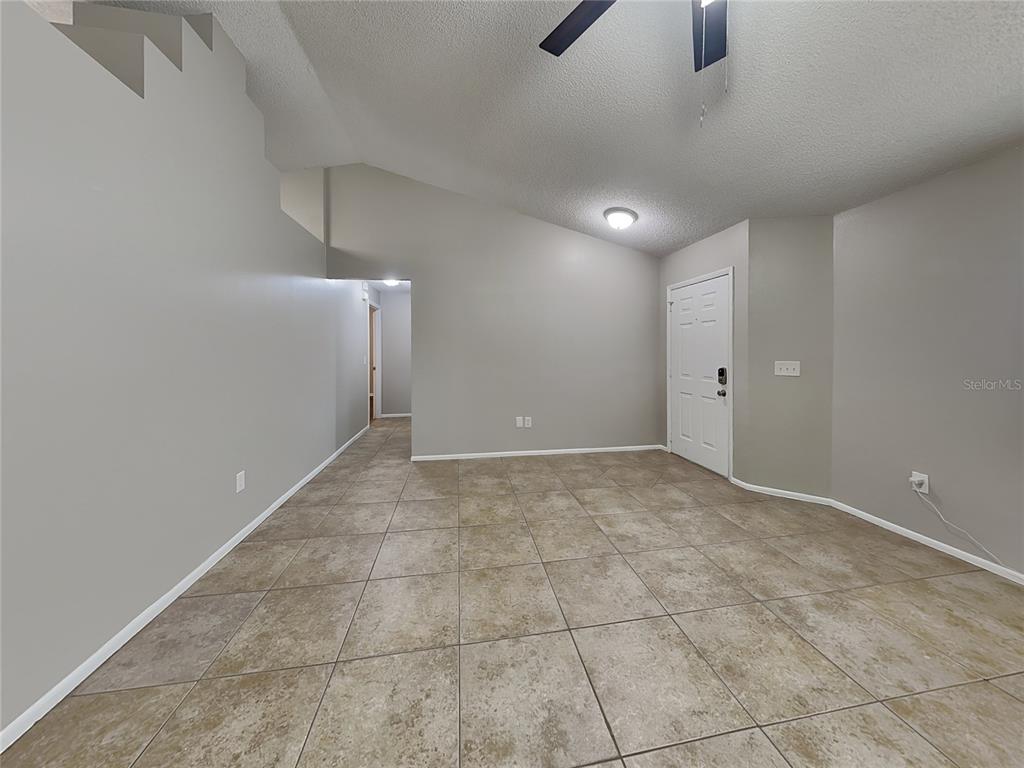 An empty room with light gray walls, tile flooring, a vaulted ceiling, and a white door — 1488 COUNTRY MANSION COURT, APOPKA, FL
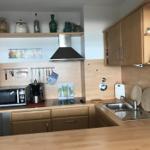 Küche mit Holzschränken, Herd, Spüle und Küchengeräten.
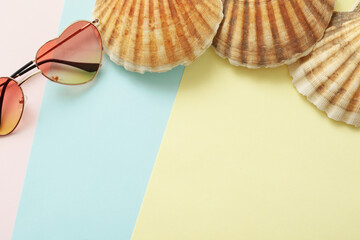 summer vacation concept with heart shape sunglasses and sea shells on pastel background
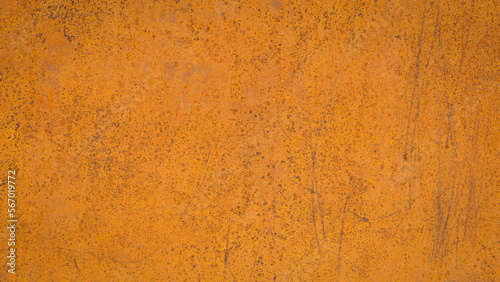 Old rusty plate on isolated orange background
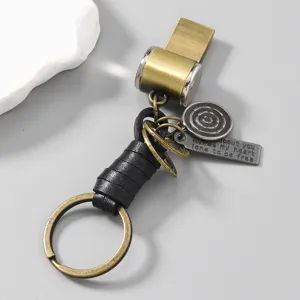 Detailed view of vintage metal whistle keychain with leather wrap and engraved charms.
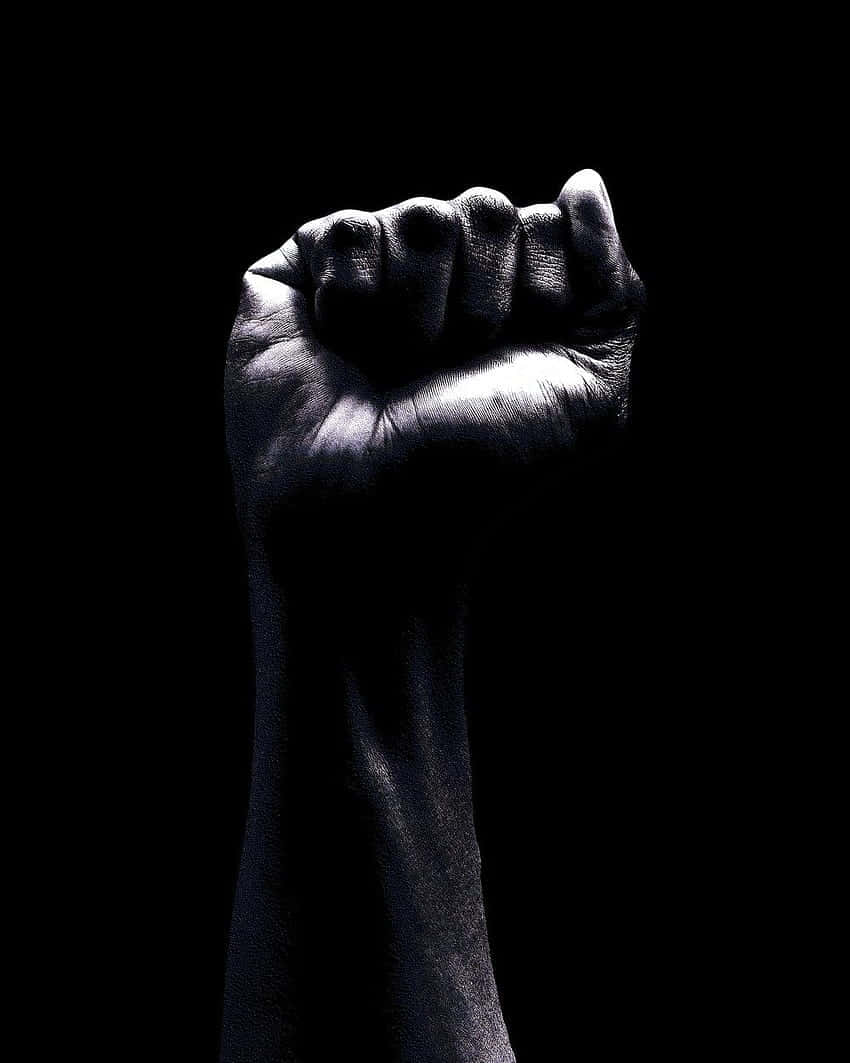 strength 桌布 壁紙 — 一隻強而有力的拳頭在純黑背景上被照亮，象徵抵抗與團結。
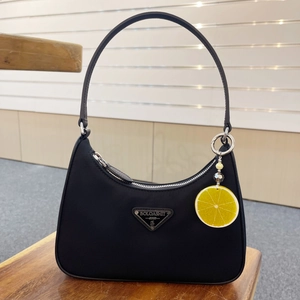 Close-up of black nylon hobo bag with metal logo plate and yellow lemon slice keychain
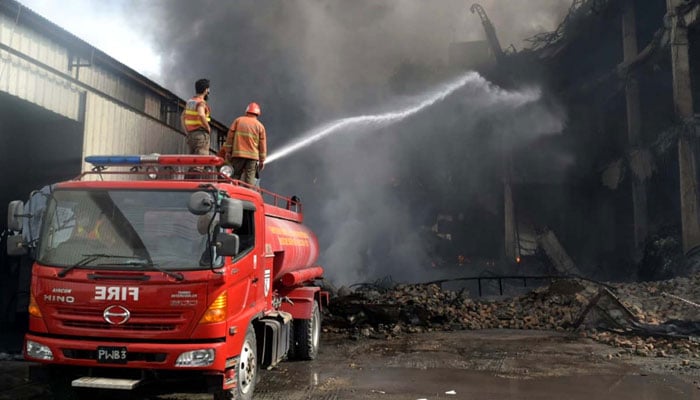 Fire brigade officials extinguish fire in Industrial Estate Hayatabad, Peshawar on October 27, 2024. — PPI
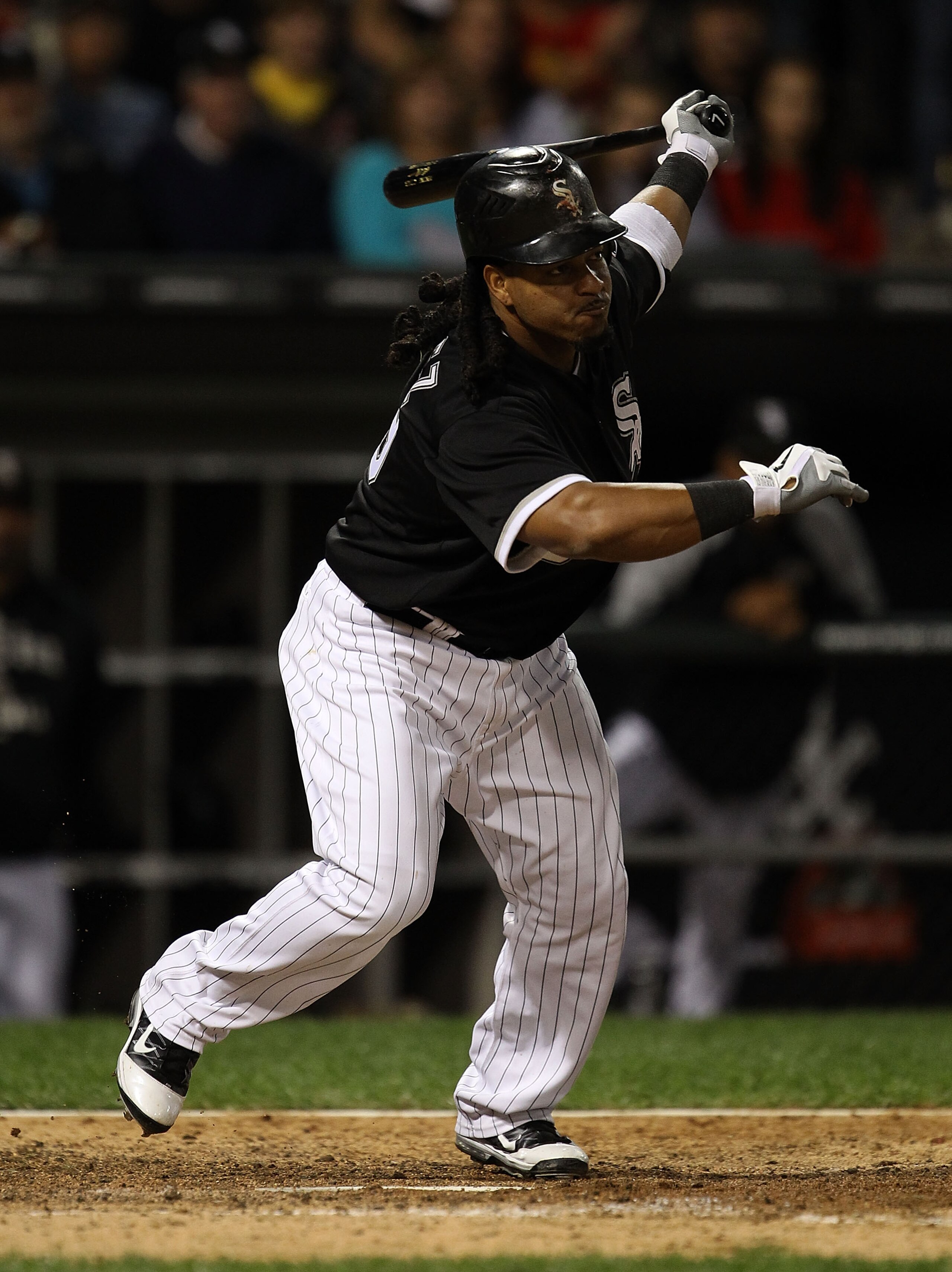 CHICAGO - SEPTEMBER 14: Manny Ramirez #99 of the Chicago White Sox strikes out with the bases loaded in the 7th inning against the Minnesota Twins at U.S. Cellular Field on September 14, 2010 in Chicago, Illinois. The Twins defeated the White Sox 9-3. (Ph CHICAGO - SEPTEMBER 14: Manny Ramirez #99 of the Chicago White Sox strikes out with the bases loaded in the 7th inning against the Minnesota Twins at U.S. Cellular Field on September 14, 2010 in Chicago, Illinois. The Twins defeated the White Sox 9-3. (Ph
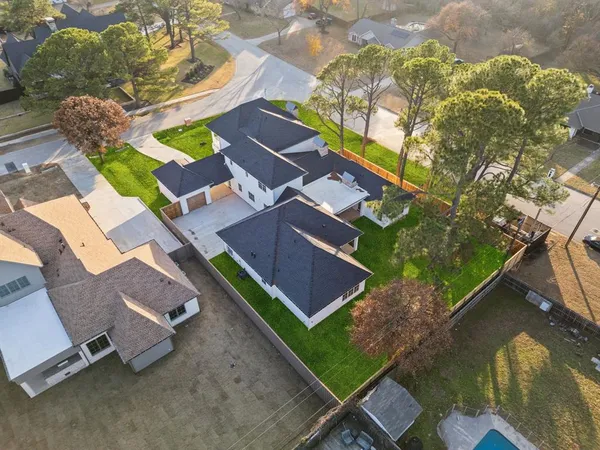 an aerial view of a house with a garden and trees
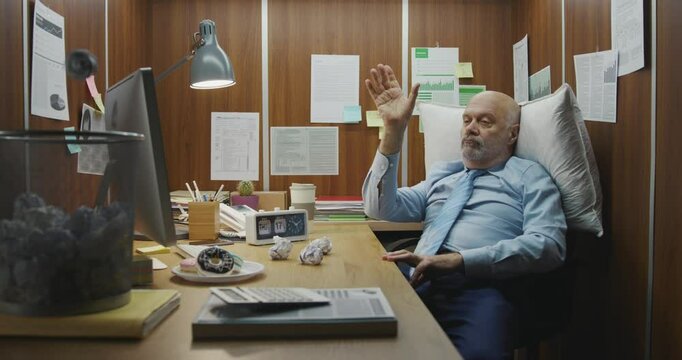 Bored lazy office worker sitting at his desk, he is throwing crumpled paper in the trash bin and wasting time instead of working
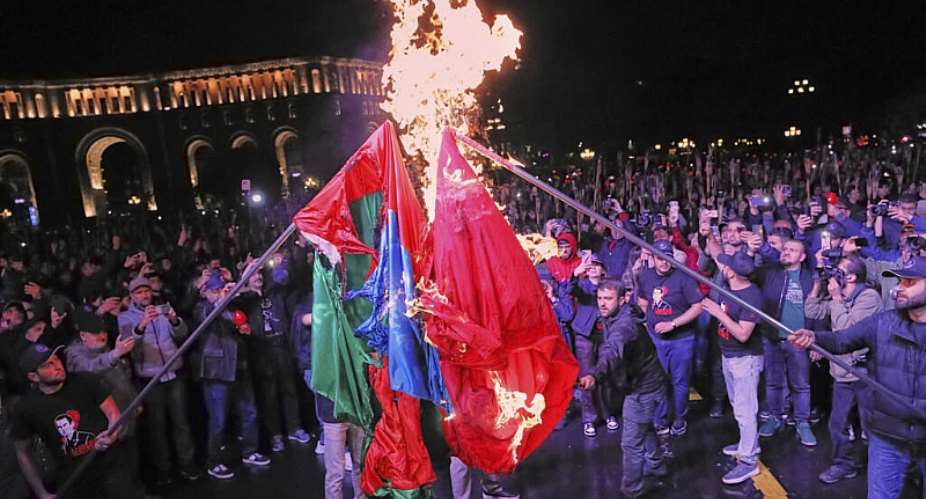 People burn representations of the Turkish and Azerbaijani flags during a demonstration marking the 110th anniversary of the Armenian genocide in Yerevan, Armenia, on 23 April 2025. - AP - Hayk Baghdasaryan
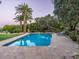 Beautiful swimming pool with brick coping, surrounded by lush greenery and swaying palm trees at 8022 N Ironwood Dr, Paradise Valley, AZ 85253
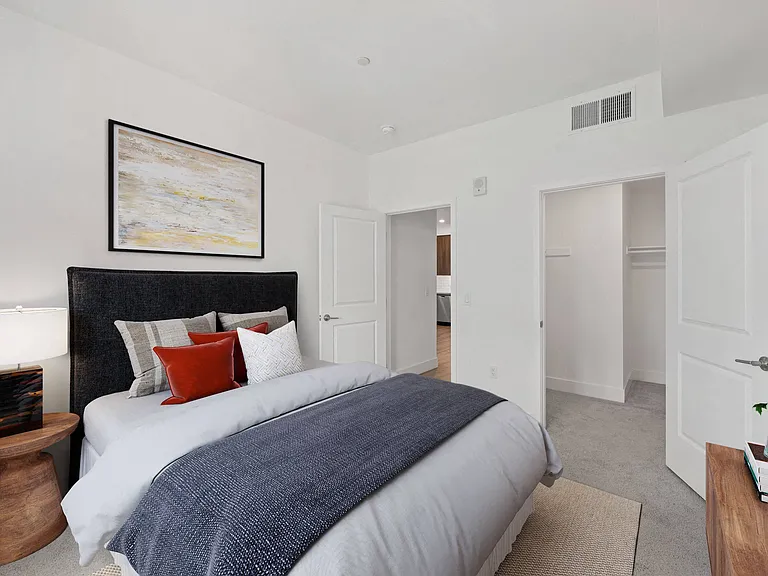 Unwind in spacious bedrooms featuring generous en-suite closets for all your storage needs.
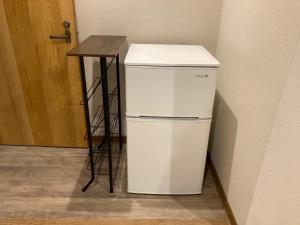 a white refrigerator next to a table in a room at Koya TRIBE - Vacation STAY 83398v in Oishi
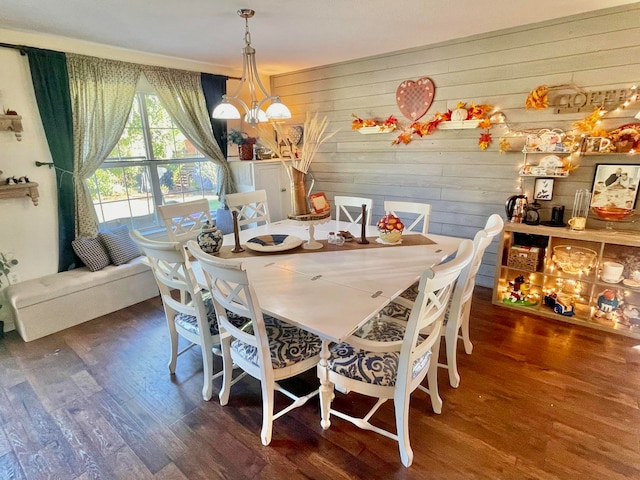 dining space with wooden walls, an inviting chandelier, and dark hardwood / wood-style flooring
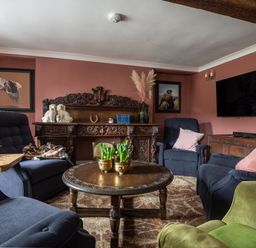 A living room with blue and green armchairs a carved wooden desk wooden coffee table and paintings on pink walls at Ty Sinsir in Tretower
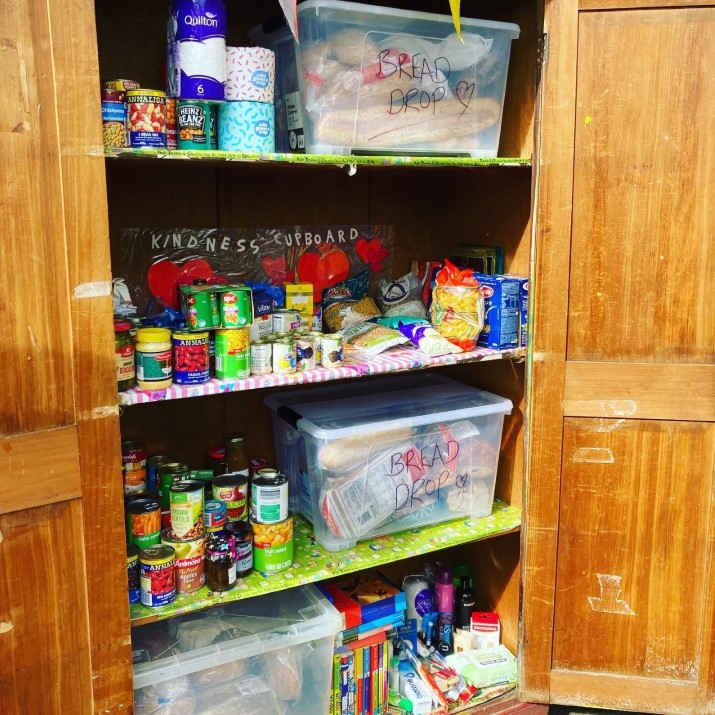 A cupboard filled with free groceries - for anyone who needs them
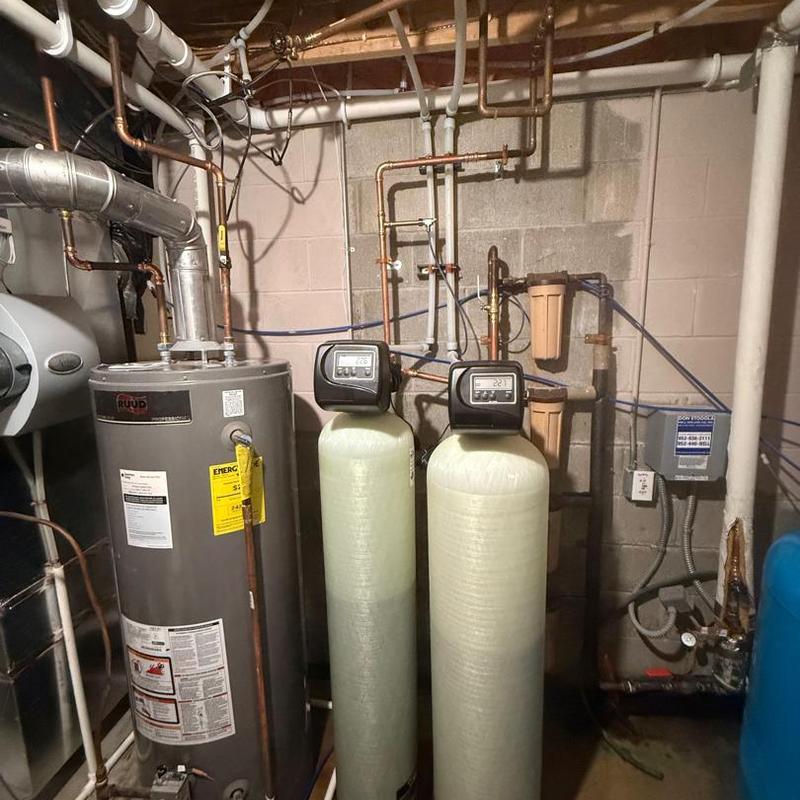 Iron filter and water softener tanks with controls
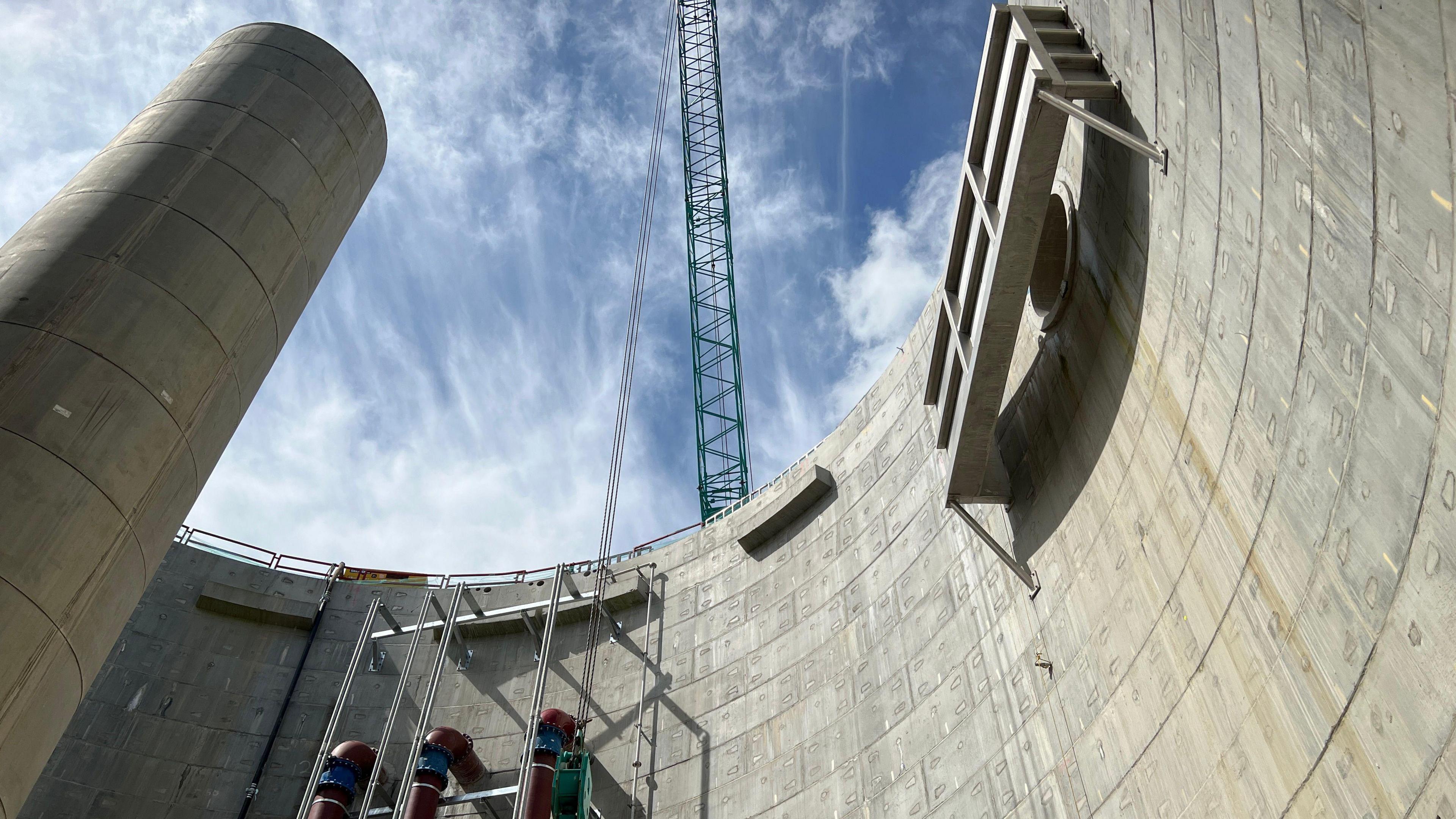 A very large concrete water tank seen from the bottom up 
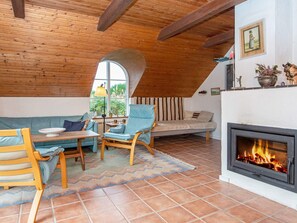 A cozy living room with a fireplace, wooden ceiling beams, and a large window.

• • • •

[TASK TO COMPLETE] Only the lines starting at the one with "9-3. (Ph CHICAGO" and ending at the one with "Beautiful swimming pool" should be printed, each exactly as it appears in the material above; the pictures are to be omitted.

[ANSWER BOX]
 CHICAGO - SEPTEMBER 14: Manny Ramirez #99 of the Chicago White Sox strikes out with the bases loaded in the 7th inning against the Minnesota Twins at U.S. Cellular Field on September 14, 2010 in Chicago, Illinois. The Twins defeated the White Sox 9-3. (Ph CHICAGO - SEPTEMBER 14: Manny Ramirez #99 of the Chicago White Sox strikes out with the bases loaded in the 7th inning against the Minnesota Twins at U.S. Cellular Field on September 14, 2010 in Chicago, Illinois. The Twins defeated the White Sox 9-3. (Ph
 an aerial view of a house with a garden and trees
 Bored lazy office worker sitting at his desk, he is throwing crumpled paper in the trash bin and wasting time instead of working
 People burn representations of the Turkish and Azerbaijani flags during a demonstration marking the 110th anniversary of the Armenian genocide in Yerevan, Armenia, on 23 April 2025. - AP - Hayk Baghdasaryan
 Beautiful swimming pool with brick coping, surrounded by lush greenery and swaying palm trees at 8022 N Ironwood Dr, Paradise Valley, AZ 85253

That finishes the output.